"Abolish hateful laws": Teachers and students join rally

"Abolish hateful laws": Teachers and students join rally

With the Federal Government’s ‘Religious Freedoms’ bill due to be released within weeks, pressure is mounting on Prime Minister Scott Morrison to ensure LGBTQ staff and students are protected from discrimination.

On Saturday, hundreds of students, teachers, parents, and supporters of the LGBTIQ community joined the “No Exemptions to Equality” rally in the Melbourne’s CBD, demanding an overhaul to existing laws that allow religious schools to sack or expulsion staff and students for being gay or transgender.

LGBTQ advocacy groups are accusing the Prime Minister of deliberately stalling the legal process to remove what they say are “outdated, hateful laws”.

“Discrimination has no place in our schools. Full stop. No ifs. No buts,” Australian Greens LGBTIQ+ spokesperson and Senator, Janet Rice, said

“Our schools, and indeed our society, should be places where LGBTQ+ people are safe and respected, and feel free to be who they are without fear of discrimination,” Rice said.

Rice said that LGBTIQ+ people, especially trans and gender diverse people, experience much worse mental health outcomes than heterosexual and cisgender people.

“Making schools safe for LGBTIQ+ people is absolutely vital to health, wellbeing and inclusion. This is why we need government-funded programs delivered by trained staff like Safe Schools, not school chaplains,” she said.

Labor candidate for Melbourne and Rainbow Labor co-convenor, Luke Creasey said it was “outrageous” that students and teachers could be discriminated against or even sacked for a part of their identity “which has no bearing on their ability to do their job.”

“My students know what it means to have fairness and empathy. We need a Government that gets it too,” Creasey said.

“Labor has pledged to end discrimination against students and teachers in religious schools on the basis of their sexual orientation and gender identity.”

In December, the PM put forward a proposal to the Opposition that would see students and staff protected from discrimination “on the basis of their gender, sexual orientation, relationship status or pregnancy”.

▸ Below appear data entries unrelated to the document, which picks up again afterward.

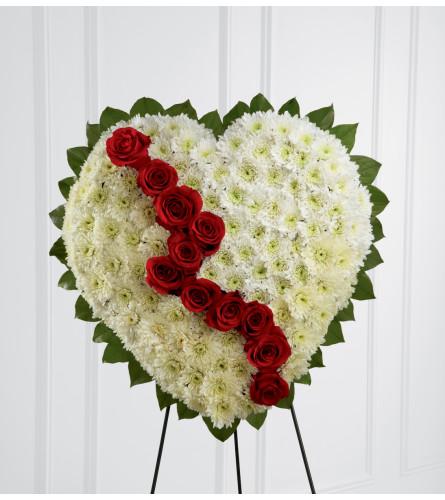 Pearly white chrysanthemums form the shape of a heart, accented with greens lined around the outside and "broken" in the middle with a line of rich red roses to create an exquisite way to honor the life of the deceased at their memorial service. Displayed on a wire easel.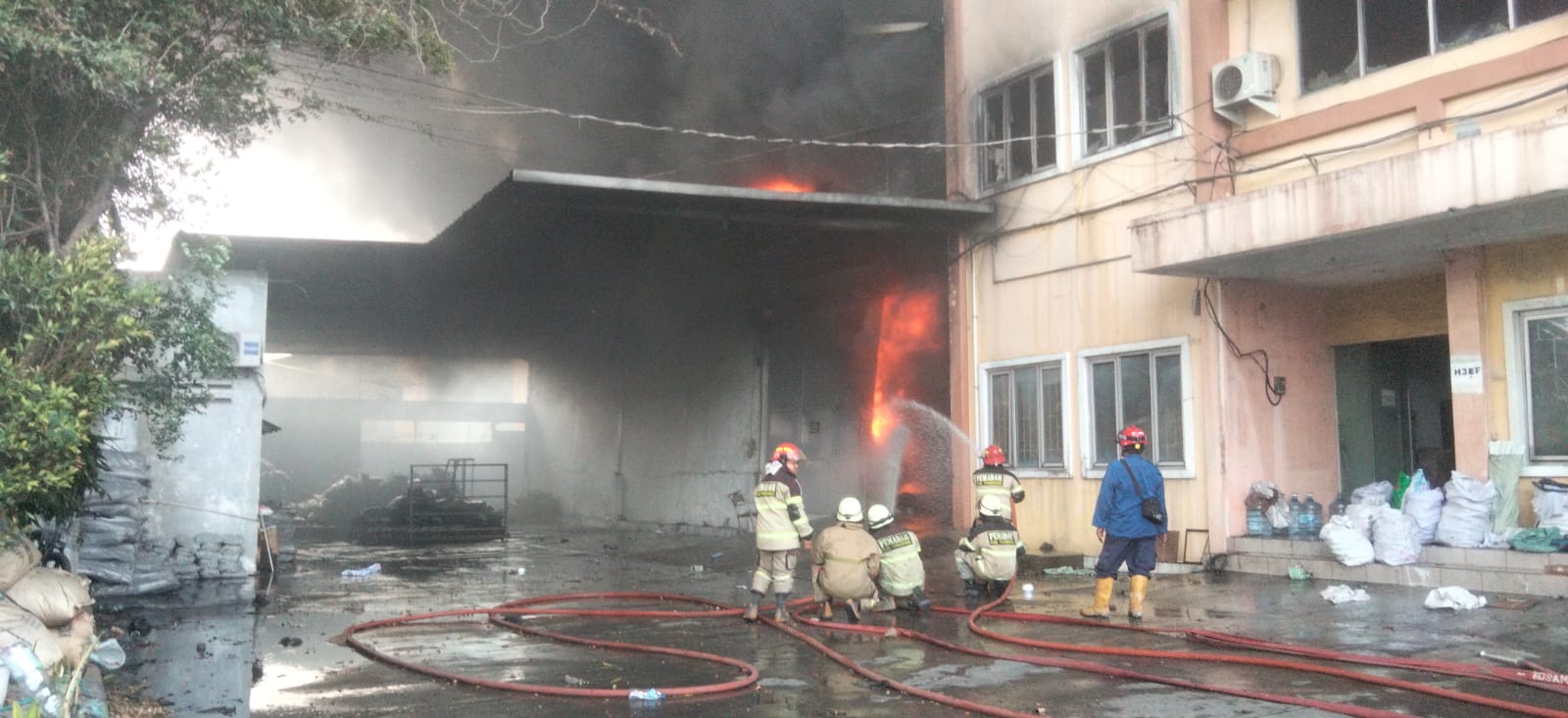Foto: Petugas pemadam kebakaran berjibaku memadamkan api yang membakar gudang di Komplek Pergudangan Sentra Kosambi, Kabupaten Tangerang, Minggu (9/8/2026). Tiga gudang dilaporkan terdampak dalam kebakaran tersebut.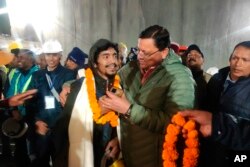 This handout photo shows Pushkar Singh Dhami, right, Chief Minister of the state of Uttarakhand, greeting a worker rescued from the site of a collapsed tunnel on Nov. 28, 2023. (Uttarakhand State Department of Information and Public Relations via AP)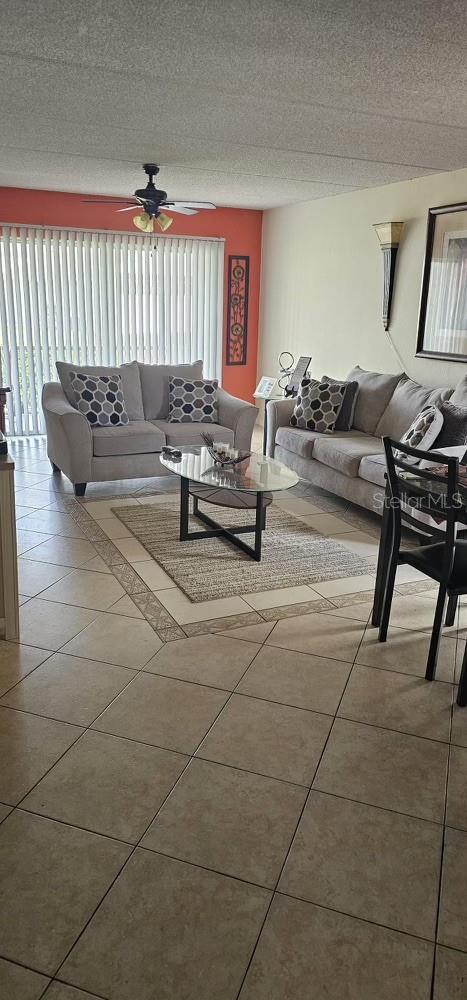 tiled living room with ceiling fan and a textured ceiling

The PM’s proposal sought clarification that “in deciding whether a school rule – a reasonable school rule – the Human Rights Commission and courts should take into account the religious nature of the school and whether the school considered the best interests of the child”.

Another component of the proposal was to clarify that “nothing in the act prevents a religious school teaching in accordance with their own religious beliefs”.